Sahip olma güdüsü erkeğin kadına, ebeveynlerin çocuğa, patronun çalışanlarına tahakküm etmesine sebep olur. Eric From: “Şayet sahip olduğum şeyle kendimi var edersem, sonuçta sahip olunulan şey ben olurum. Nesne sürekli var olmayacağı için de, benim bir şeye sahip olmam geçicidir ve aslında ben hiçbir şeye sahip değilimdir.” der. Montaigne ise: “Bizi mutlu eden; bir şeyin sahibi olmak değil, onun tadına varmaktır.” diyerek konuyu noktalar.

Sahip olma güdüsü ihtirasa dönüşünce insan da tüketim canavarına dönüşür. Sınırsız servete ve güce sahip olma ihtirası, kaynakların sınırlı olması nedeniyle toplumu zamanla sınıflara böler. Bölünme öyle kök salar ki ülkeler, semtler, aileler bile bölünür. Bölünenler arasındaki eşitsizlik çatışma doğurur, çatışma derinleşince savaşlar çıkar, binnetice mutsuzluk topluma egemen olur.
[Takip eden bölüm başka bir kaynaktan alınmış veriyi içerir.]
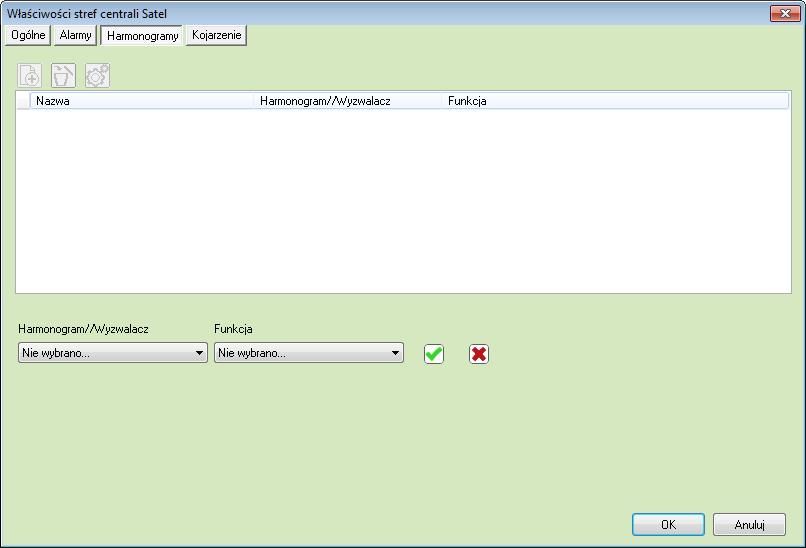 Po wybraniu przycisku Dodaj pojawi się pole wyboru: - Harmonogram / wyzwalacz wybór harmonogramu sterującego wyjściem - Funkcja Wybór funkcji umożliwia aktywację wyjścia Możliwe jest dodanie wielu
İktisat ve mutluluk arasındaki ilişkiyi inceleyen, 1970-2000 yılları arası zaman dilimini kapsayan çalışmalara göre, dünyada kişi başı gelir düzeyi yüzde 100 arttığı halde ortalama mutluluk düzeyi sadece yüzde 2,17 artış gösterir. Günümüzde hatırı sayılır sosyologların tümünün hem fikir olduğu gerçek var ki servet sahibi olmak mutluluk getirmez. Hatta temel ihtiyaçlardan yoksun düzeyde değil ise çoban, holding patronundan daha mutlu yaşam sürebilmekte. Mesela engelliler üzerinde yapılmış farklı bilimsel çalışmanın sonucuna göre, kazara uzvunu kaybetmiş engelli insanın travmayı atlattıktan sonra aynı mutluluk seviyesini yakaladığı gözlenir. Öyleyse daha çok şeye sahip olma arzusuyla kıvranan insan istediklerini elde edemeyince mutsuz olacak.
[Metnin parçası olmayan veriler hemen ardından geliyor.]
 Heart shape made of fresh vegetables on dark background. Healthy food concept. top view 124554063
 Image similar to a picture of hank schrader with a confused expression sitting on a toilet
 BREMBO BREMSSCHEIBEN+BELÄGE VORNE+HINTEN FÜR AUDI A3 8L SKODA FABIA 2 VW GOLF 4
Mutluluk üzerine yazılmış en önemli teori akış kuramı. Teorinin sahibi Mihaly Csikszentmihalyi’e göre mutluluk kontrolsüzce haz arayışı değil bilinçli bir adanmışlık hali. Akış kuramı, insanların zor fakat eğlenceli bir aktiviteye odaklandıklarında zamanın nasıl geçtiğini anlamadıklarını, dolayısıyla dünyevi dertlerden uzaklaşarak mutlu olduklarını anlatır.
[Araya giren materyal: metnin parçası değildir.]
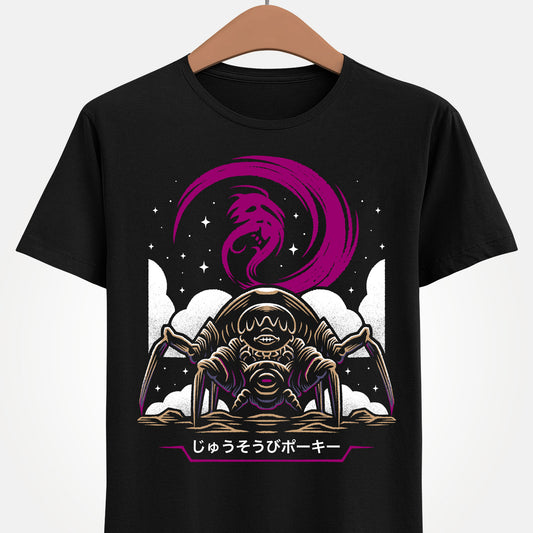 EarthBound t-shirt featuring Giygas and Heavily Armed Pokey from Mother 2 in a surreal horror design inspired by the iconic retro RPG final boss. Perfect for fans of the Mother series, classic SNES games, and cult classic video game merch.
Sokağı süpürürken kulağında müzikle kendinden geçip dans eden temizlik görevlisi, öğrencileriyle beraberken coşkuyla ders anlatan öğretmen, hedefleri tutturmak için personelini tutkuyla motive eden iş insanı, ibadet ederken imanla zikre dalan dindar, sahada olağanüstü güçle koşan sporcu, bilgisayar başında rakiplerine karşı saatlerce oyun oynayan ergen, istediği üniversiteye kavuşmak uğruna sabahlara dek soru çözen öğrenci akış halindedir. Akış trans halidir, ruşeym hali de diyebilirim: ama herkes ona mutluluk der. Sürekli tüketim çabasının sunduğu geçici haz mutluluk değil, narkotik bir etki, sahte bir keyif hissidir. Aldanmamalı.